- Based on: The Shell Seekers by Rosamunde Pilcher
- Directed by: Waris Hussein
- Starring: Angela Lansbury Irene Worth Sam Wanamaker
- Music by: James Di Pasquale
- Country of origin: United States
- Original language: English

Production
- Executive producers: Ted Childs Marian Rees
- Producers: Emma Hayter William Hill Anne Hopkins
- Running time: 99 minutes
- Production companies: Central Independent Television Marian Rees Associates Hallmark Hall of Fame

Original release
- Network: ABC
- Release: December 3, 1989
- Network: ITV
- Release: December 21, 1989

= The Shell Seekers (1989 film) =

1989 film by Waris Hussein

The Shell Seekers is a 1989 Hallmark Hall of Fame made-for-television drama film based on the 1987 novel of the same name by Rosamunde Pilcher and starring Angela Lansbury.
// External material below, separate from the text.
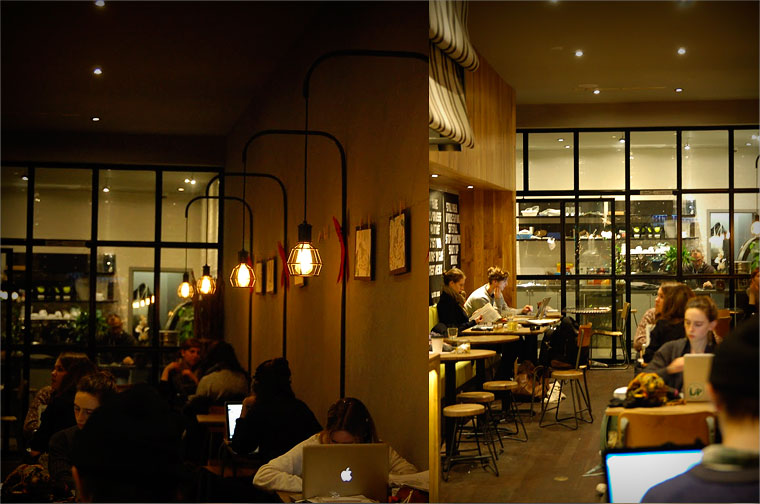 montreal-condo-cafe-code-black-banquette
The film aired on ABC on December 3, 1989, in the United States and on ITV on December 21, 1989, in the United Kingdom; it was later reaired on CBS on January 31, 1993.

==Cast==
- Angela Lansbury as Penelope Keeling
- Irene Worth as Dolly Keeling
- Sam Wanamaker as Richard
- Patricia Hodge as Olivia
- Anna Carteret as Nancy
- Sophie Ward as Antonia
- Denis Quilley as Cosmo
- Serena Gordon as Annabel
- Michael Gough as Roy Brookner

==Production==
The Shell Seekers was filmed on location in Cornwall, the Cotswolds, Ibiza and in a studio in Shepperton, England.